2026-04-23
I've worked with a client who was making decisions that didn't add up on paper. Overspending on conferences, lunches, marketing tactics that weren't moving the needle. From the outside it looked like poor business judgment. When we got honest about what was actually happening, the real issue was personal financial stress. He was trying to maintain an image of success he could no longer afford, and that pressure was quietly steering every business decision he made.
That's not unusual. It's just rarely named directly.
Most of the time when I work with founders, the structural problems are genuinely structural — decisions routing through the wrong person, accountability that was never formally assigned, a role that never evolved as the business grew. Those are fixable with the right diagnosis and deliberate redesign.
But sometimes the structural problem has a personal root. A founder who avoids a difficult conversation with a team member — not because they don't know what to say, but because confrontation triggers something from long before the business existed. A founder who can't delegate — not because the systems aren't there, but because their sense of worth is so tied to being needed that stepping back feels like disappearing.
I've been there myself. When my food business got a large order from a well-known creator, I had the external opportunity but I wasn't internally ready to scale it. Not because the systems weren't in place — because I was still working through my own questions about whether I actually believed I could pull it off.

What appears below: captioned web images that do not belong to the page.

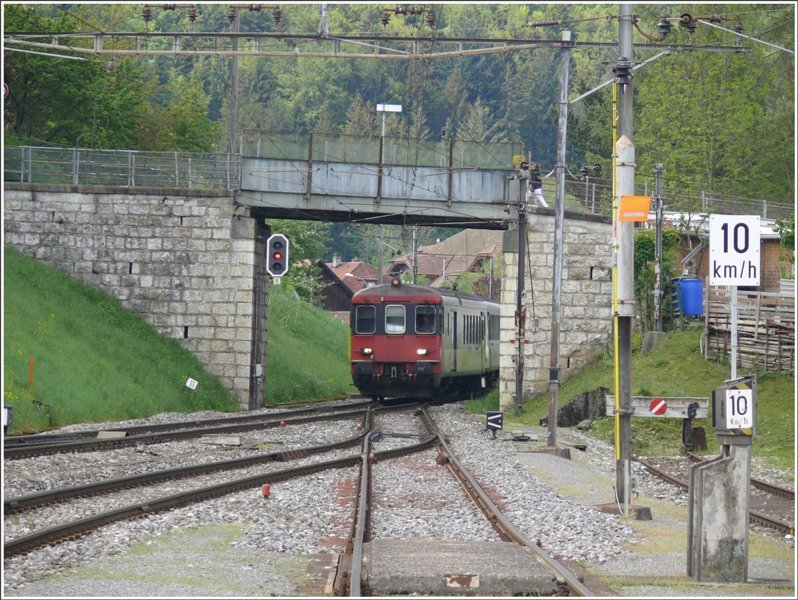 R5232 aus Sonceboz-Sombeval mit Re 4/4 II / BDt Steuerwagen fhrt in Tavannes ein. Die 10 km/h Beschrnkung gilt fr das Befahren der Gleiswaage. (16.05.2009)
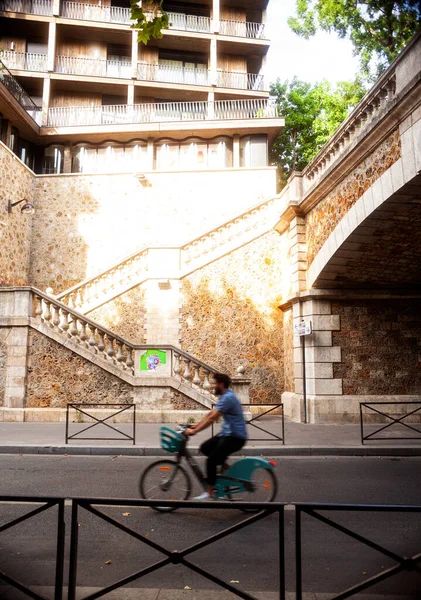 Paris France July Delivery Cyclist Runs Fast Next Stairs Rue — ストック写真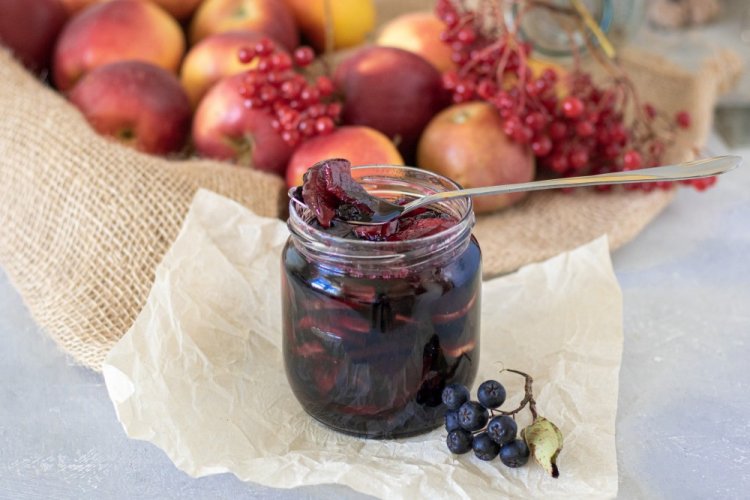 Mermelada de peras, manzanas y aronia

The personal reality was the limiting factor, not the operational one.
This isn't a detour from the structural work. It's part of it.
When a founder's personal struggles are quietly steering decisions, the business absorbs the consequences — in the choices that get made, the conversations that get avoided, the opportunities that don't get taken. The structure of a business reflects the internal state of the person running it more than most founders want to admit.
The question worth sitting with: is the pattern you're trying to fix in your business actually a business problem — or is it a personal one that's found a structural expression?
Sometimes the answer is both. And that's okay. But you can't redesign around something you haven't named yet.